Mlliyet Milliyet Blog Milliyet Blog
 
Facebook Connect
Blog Kategorileri
 

14 Temmuz '11

 
Kategori
Deneme
 

Unutmak mı zor, yoksa alışkanlık mı?

Unutmak mı zor, yoksa alışkanlık mı?
 

Unutmak mı, alışkanlığından vazgeçmek mi zor.

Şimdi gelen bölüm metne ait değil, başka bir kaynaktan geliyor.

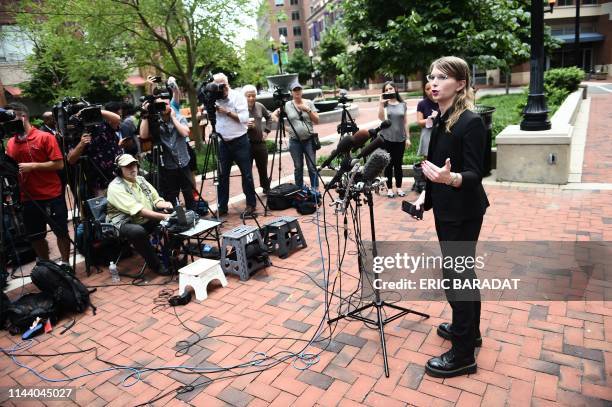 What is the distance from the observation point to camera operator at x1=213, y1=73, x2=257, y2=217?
621cm

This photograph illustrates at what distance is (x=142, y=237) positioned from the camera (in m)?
4.77

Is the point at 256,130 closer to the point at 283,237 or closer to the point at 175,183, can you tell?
the point at 175,183

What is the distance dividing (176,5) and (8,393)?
9.74m

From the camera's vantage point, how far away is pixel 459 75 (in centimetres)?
251

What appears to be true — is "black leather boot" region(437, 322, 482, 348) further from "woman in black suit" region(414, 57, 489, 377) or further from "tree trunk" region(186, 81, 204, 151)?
"tree trunk" region(186, 81, 204, 151)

Unutmak istediğimiz bir sürü şey çıkıyor karşımıza yaşam sürecimizde. Bazen artık gerçekten istemediklerimizi hayatımızdan çabucak çıkarmayı seçiyoruz. Bazen de öyle gerekiyor, hiç bir şeyin artık eskisi olmayacağını seziyor ve acı da olsa unutmaya çalışıyoruz, daha doğrusu çabalıyoruz. Ancak beyin gerekince format atılan bir nesne olmadığı için unutmuyor kolay kolay. Keşke bir düğmesi olsa da istendiği zaman kapanabilse. Sonra yeniden düğmesine basılarak yeni ufuklara yelken açılabilse. 

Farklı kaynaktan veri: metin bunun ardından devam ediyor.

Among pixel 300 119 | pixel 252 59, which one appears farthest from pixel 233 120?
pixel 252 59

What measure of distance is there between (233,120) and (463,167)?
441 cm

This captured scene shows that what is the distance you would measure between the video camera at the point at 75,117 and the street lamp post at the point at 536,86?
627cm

Unutmanın zorluğu alışmakla ilgili. Alıştığın ve sevdiğin bir durumu artık yapmamak ya da yaşamamak acı veriyor. İçinde oturmaya alıştığın bir evi bırakmak, başka bir şehre taşınmak, sokaklarını sevdiğin alıştığın semtinden ayrılmak, sevdiğin arkadaşından ayrı kalmak, alıştığın işinden kopmak, yapmayı sevdiğin alışkanlıklarından vazgeçmek vb. Bir nevi kendine yabancılaşmak. 

Unutmaya çalıştığımız bir kişiyse daha da zor. Beraber yaşanılan onca güzel şeyden sonra bir daha o anları yaşamayacağını bilmek, üstelik de ona alıştıysan daha da zor. 

Unutmak nedir? O çok değer verdiğin varlığı sadece hayatından çıkarıp atmak, bir daha da arkana bakmamak mıdır? Bu kadar kolay değil. Ya alıştıysan varlığına, nasıl çıkaracaksın bir kalemde hayatından? Hiç olmamış gibi, hiç yaşamamış gibi. Sayfadaki yazının mürekkebinin uçup gitmesi gibi, arkasında bir iz bile bırakmadan silinip gitmesi hayatından. Bir göz kırpması gibi yaşanan ve biten mutlu anlar, yerine hiçbir şey bırakmadan "yaşandı ve bitti" mi denecek? 

Alışkanlık mı yoksa bunu bu kadar zor yapan. Bu kadar zaman yanında olan, varlığını en derininde hissettiğin kişinin bir anda yok olması mı dünyanı karartan. Birinin yaşamında varken yok olması nasıl bir şey? Ya verdiği sözü unutanlara, sözüne sadık kalmayanlara ne denir? Anılar ya, onlar da çöpçülerin süpürdükleri düşen yapraklar gibi hep birlikte toplanıp çöpe mi atılacaklar? 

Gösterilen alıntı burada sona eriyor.